Because the appeal in the 2600 case is scheduled to be heard this coming
thursday I have written an article which I hope folks will find
enlightening. It contains some facts about the DMCA which I have not
heard reported yet anywhere, some scary stuff about slippage in
constitutionally guaranteed freedoms here in the US, and my own
opinions/recommendations about what I think "old economy" firms ought to
do now.
I read your article, but found it a little unclear.
You seem to be saying that you have a vague uneasiness about the use of
the term enlarge, and although I agree that it me be a fact that
you feel such unease, I don't see that it's very germane to anything else.
There are problems with the DMCA, and they are not just
problems for citizens and residents of the USA. But merely repeating
phrases expressing your hatred for the act does not help very much
(although it might help to sign a petition, to contact your local
government representative (MP, MPP, MEP, Congressman, whatever they are
called where you live), or to publicise a clear account of the problems.
As a minor aside, its is a possessive pronoun, and it's is
a contraction for it is.
More helpfully :-), first state your thesis in a summary, then
outline the main points of your argument, then make the points, then
explain the ramfications, then make a summary explaining what you have
argued. Writing is difficult, and writing well is even harder.
The DCMA is a strong weapon in the hand of content providers.

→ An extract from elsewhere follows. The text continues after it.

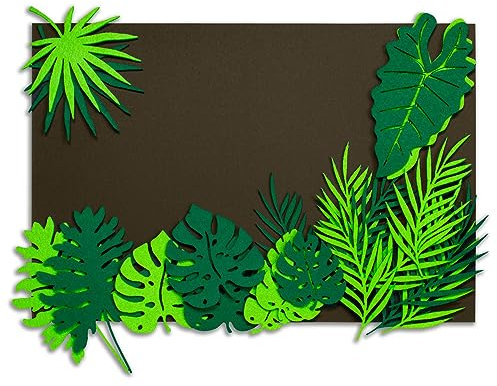 Summer-Ray 26 Stück üppiges Dschungelgrün Filz Tropische Blätter Set für kreatives Basteln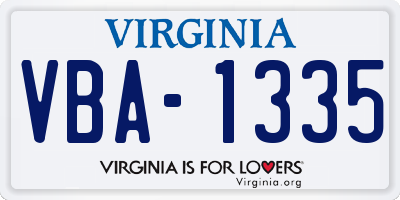 VA license plate VBA1335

I don't like it because it seems to be the handle to forbid
reengineering -
something that should be possible to the extend of interfacing in my
humble opinion. And don't forget the recent case of that scientific
paper on the SDMI
challenge that got retracted. Isn't science supposed to be free to a
larger extend?
How do you people judge the future of this law?
Is there any chance of a more liberal legislation?